Missing a single tax relief can cost your startup tens of thousands of pounds in capital you could have reinvested into growth. Many tech and fintech founders treat tax as an afterthought, filing returns at the last minute and leaving SEIS, EIS, and R&D credits unclaimed. The result is not just a higher tax bill; it is a direct reduction in your runway. This guide walks you through a structured, step-by-step approach to building genuine tax efficiency into your company from the ground up, covering everything from your initial company setup through to remuneration strategy and annual compliance reviews.

Table of Contents

Key Takeaways

Point Details
Use the right legal structure A UK limited company is essential to unlock SEIS, EIS, and R&D tax reliefs.
Sequence SEIS and EIS effectively Plan funding rounds to first access SEIS benefits, then scale up using EIS.
Claim all eligible R&D credits Take full advantage of recent R&D tax relief rates to maximise innovation funding.
Mix salary and dividends Structuring your own remuneration smartly can significantly reduce your personal tax bill.
Review tax efficiency each year Regularly check your structures and claims to maintain and improve savings.
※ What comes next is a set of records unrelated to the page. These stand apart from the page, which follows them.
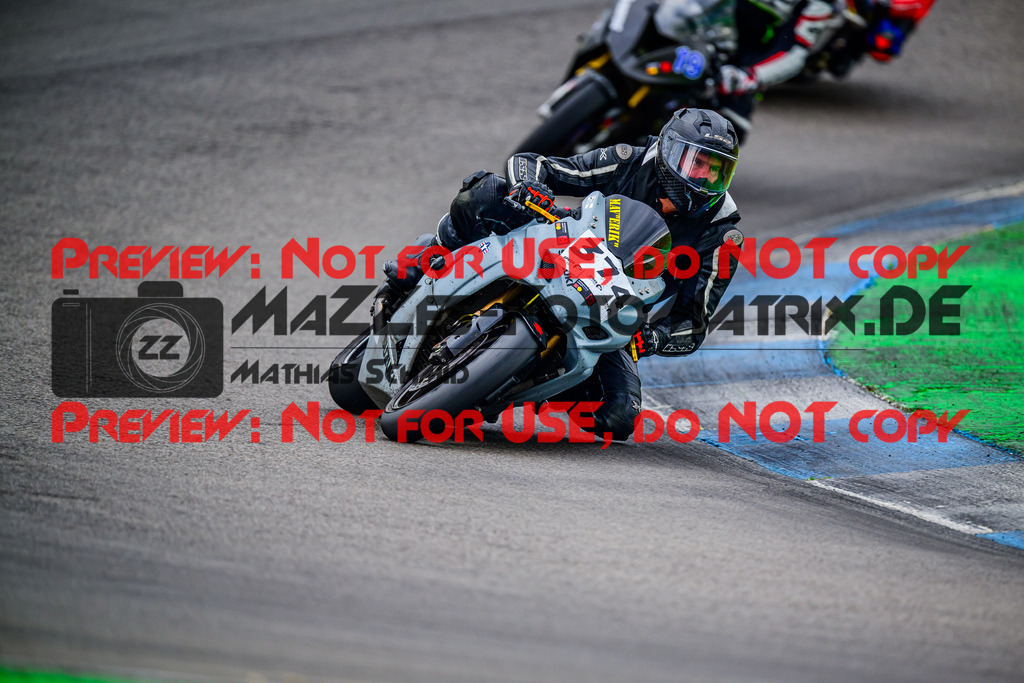 MaZZes_FotoMatrix_240614_6007705_4870 | ROT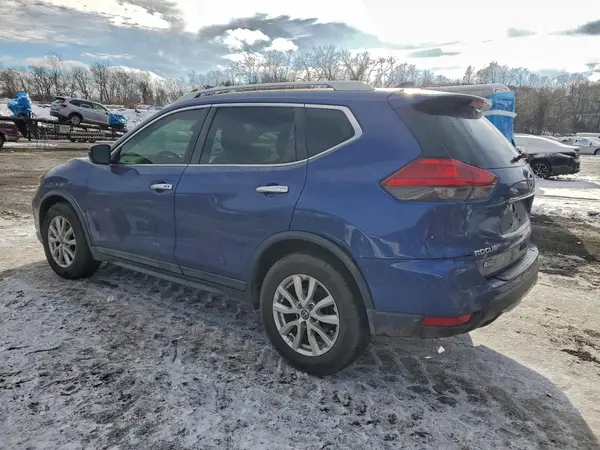 5N1AT2MT4HC865426 2017 NISSAN ROGUE - Image 2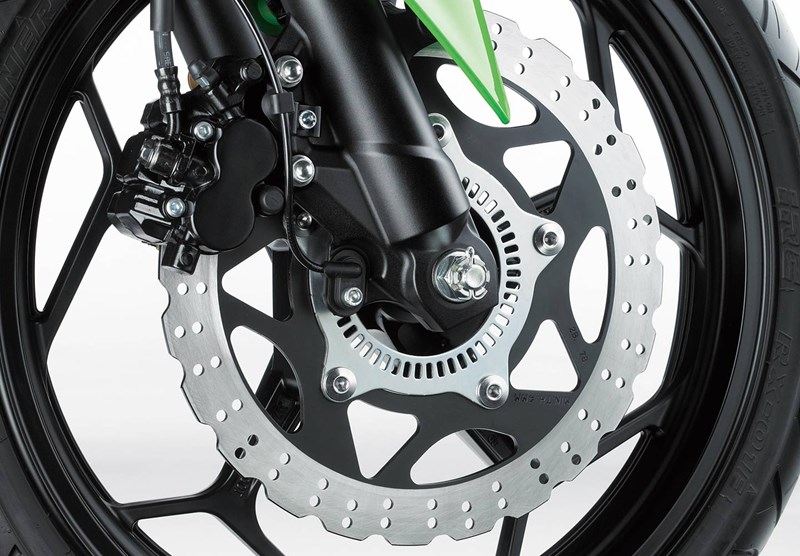 SUPERB HANDLING & EXCELLENT RIDE QUALITY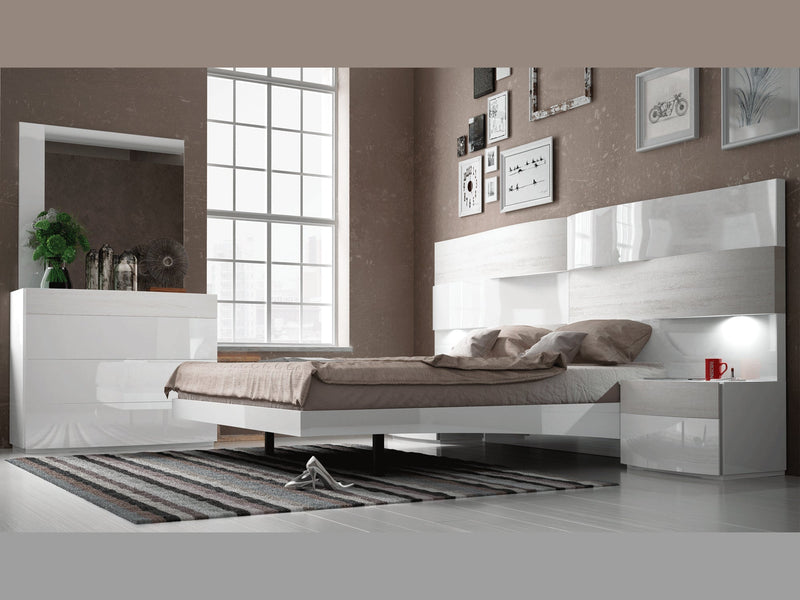 Cordobas 46" Wide 4 Drawer Dresser With Mirror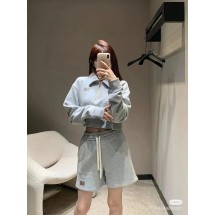 미우미우 자수 라벨 테리 반바지 (해외배송)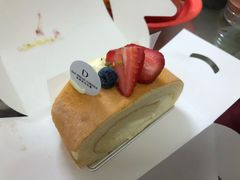 -顶东面包花园·生日蛋糕(世博店)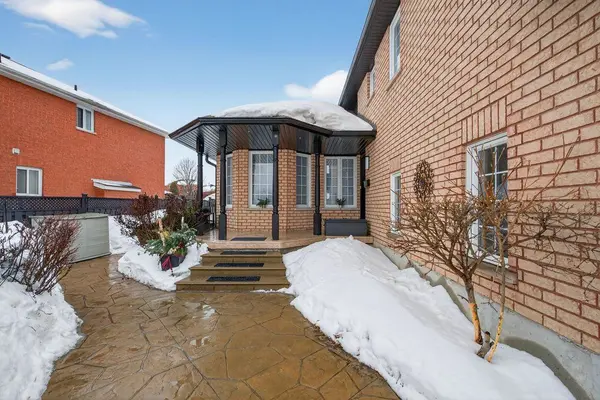 84 Loon AVE, Barrie, ON L4N 8V9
Assessing your startup’s tax position: Key prerequisites

Before you can benefit from any specific relief, you need to know exactly where your company stands. Think of this as a pre-flight check. Skipping it means you might pitch investors on SEIS eligibility you do not actually have, or miss an R&D claim because your documentation is incomplete.

The single most important structural decision is operating as a UK limited company. As outlined in the startup tax planning checklist, structuring as a UK limited company is what unlocks access to SEIS, EIS, and R&D reliefs, and it also allows founders to combine salary and dividends for personal tax efficiency. Sole trader or partnership structures simply do not qualify.

Once your structure is confirmed, run an eligibility check across three areas:

  • Company age and assets: SEIS requires the company to be under three years old with gross assets of £350,000 or less. EIS allows up to seven years and £15 million in gross assets.
  • Employee headcount: SEIS caps at fewer than 25 full-time employees; EIS at fewer than 250.
  • Trade type: Both schemes exclude certain trades, including financial services, property, and legal work.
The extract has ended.